> [YOUR ASSIGNMENT] If pictures appear among the lines below, leave them out while you return exactly the lines from the one with "So the way that" through the one with "Sound Converter aims".

> [DATA SEGMENT]
-------

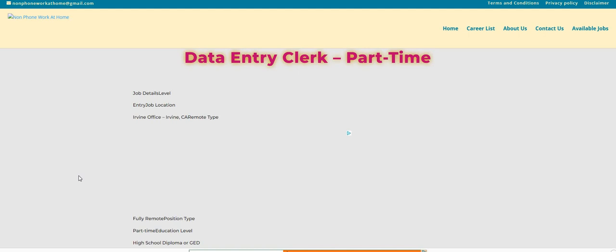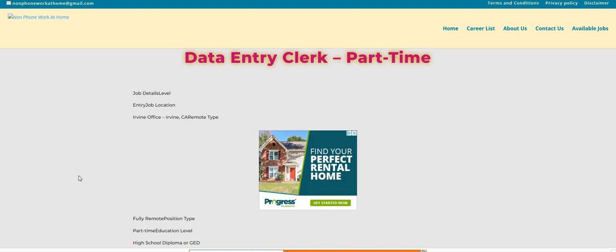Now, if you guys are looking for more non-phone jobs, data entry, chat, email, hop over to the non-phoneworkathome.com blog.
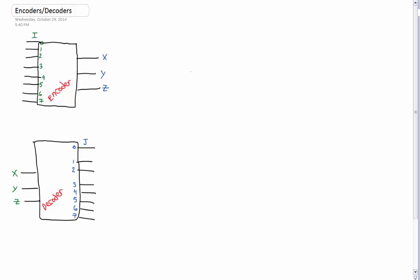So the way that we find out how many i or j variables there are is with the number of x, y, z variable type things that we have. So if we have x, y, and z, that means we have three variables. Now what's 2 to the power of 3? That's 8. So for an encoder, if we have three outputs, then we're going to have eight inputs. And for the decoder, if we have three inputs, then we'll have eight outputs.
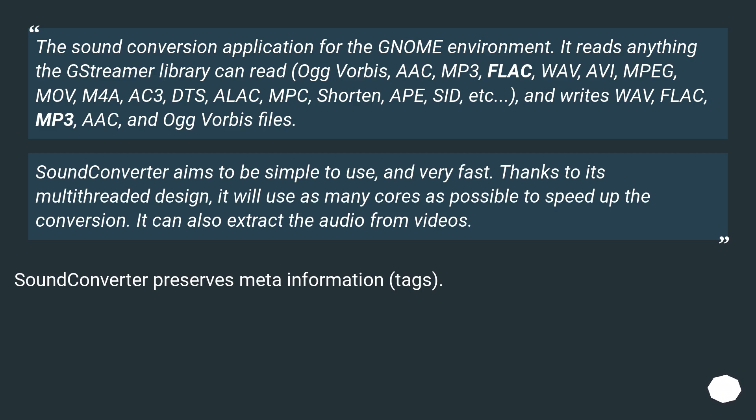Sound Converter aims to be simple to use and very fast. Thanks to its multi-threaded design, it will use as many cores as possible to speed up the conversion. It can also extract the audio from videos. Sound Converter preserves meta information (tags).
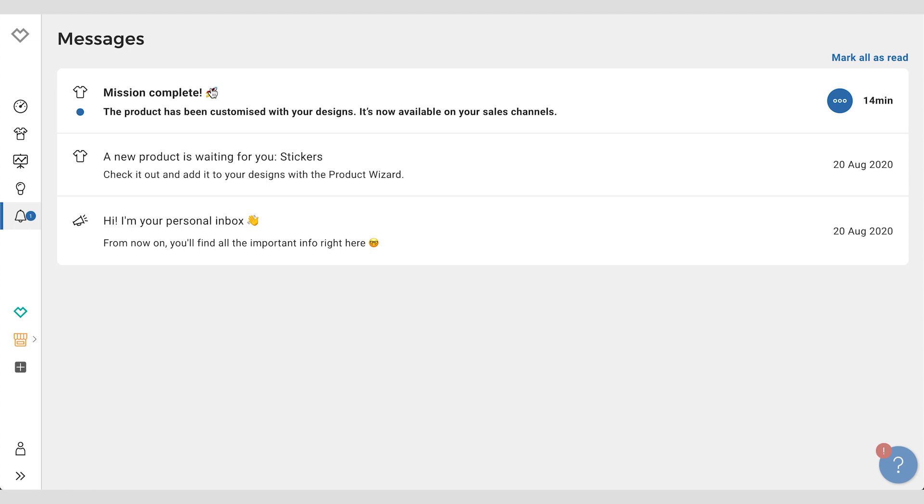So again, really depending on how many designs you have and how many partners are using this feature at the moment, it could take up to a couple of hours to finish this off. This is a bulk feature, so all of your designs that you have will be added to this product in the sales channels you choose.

-------

> [TASK OUTPUT]
So the way that we find out how many i or j variables there are is with the number of x, y, z variable type things that we have. So if we have x, y, and z, that means we have three variables. Now what's 2 to the power of 3? That's 8. So for an encoder, if we have three outputs, then we're going to have eight inputs. And for the decoder, if we have three inputs, then we'll have eight outputs.
Sound Converter aims to be simple to use and very fast. Thanks to its multi-threaded design, it will use as many cores as possible to speed up the conversion. It can also extract the audio from videos. Sound Converter preserves meta information (tags).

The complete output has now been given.